いまは教え子が何人か自分のところに家賃なしで住まわせてもいます。ウラジオストクから来て練習をしているのです。部屋はもうボロボロです(笑)。
ゲームで遊んだり、いつも踊ったりしています。こういったことには慣れています。姪が2人いて、まだ2-3ヶ月のころから面倒を見なくてはなりませんでした。リンクから戻ってきた後は面倒を見ていました。姉は働かなくてはならなかったので。
(何人一緒に住まわれているんですか?)
3人です。あと2人来ることになっています。正直言うと、飽きることもありません。私にとっては素晴らしいことです。自分の子供もほしいのですが、まだ時間が作れません。
3回転を最初の練習日で思い出したかのような動画をアップしている人もいるが、実際はもう半月滑っていたりする
(ロシアの選手はリンクに戻ってからとても速いスピードでジャンプを取り戻しはじめました。アンナ・シチェルバコワは練習を再開して1週間で3Lz+3Tを跳びましたし、アレクサンドラ・トルソワは4Lz、ドミトリー・アリエフは最初の日に4Tを跳んでいました。)
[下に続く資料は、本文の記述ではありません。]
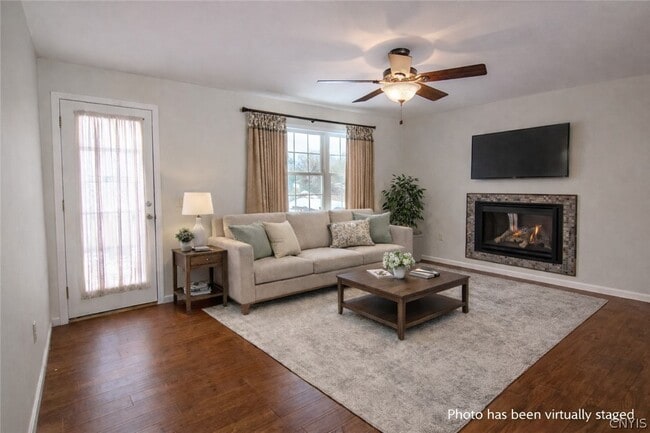 Building Photo - 3035 Claybourne Ln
アリエフが最初の日に4回転を跳んだと信じていますか?
(彼は動画をアップしました。)
選手たちはもっと早くから滑っていたのかもしれません。そんなことは言えないのでしょうけれど。シチェルバコワが1週間で3回転3回転を跳んだことは、信じられます。ただ、4回転を最初の日にというのは…本当なら素晴らしいことですが。
ただ一方で、いずれにせよ愚かなことです。練習再開してすぐに怪我をしないようにと思います。大会で跳んだ方が良いです。
(以前は、氷上でジャンプをこんなに早く取り戻すのは身体的に不可能だと思われました。みんな、またスケート靴を履いて立つところから新たに始めるようなものではないかということを心配していました。結果として、みんな素晴らしい進捗です。)
いま、多くの選手をSNSで見ています。誰かがリンクで、女子選手が最初の日で3回転を戻したかのような動画を撮ってアップしているけれども、実はすでに半月も滑っている、というようなことには頭が来ます。
そしてその後、「隔離状況下でも滑っていたなんて言えないでしょう」と説明するのです。なぜみんなに嘘を付くのでしょうか?良い宣伝になるからでしょうか?軽蔑します。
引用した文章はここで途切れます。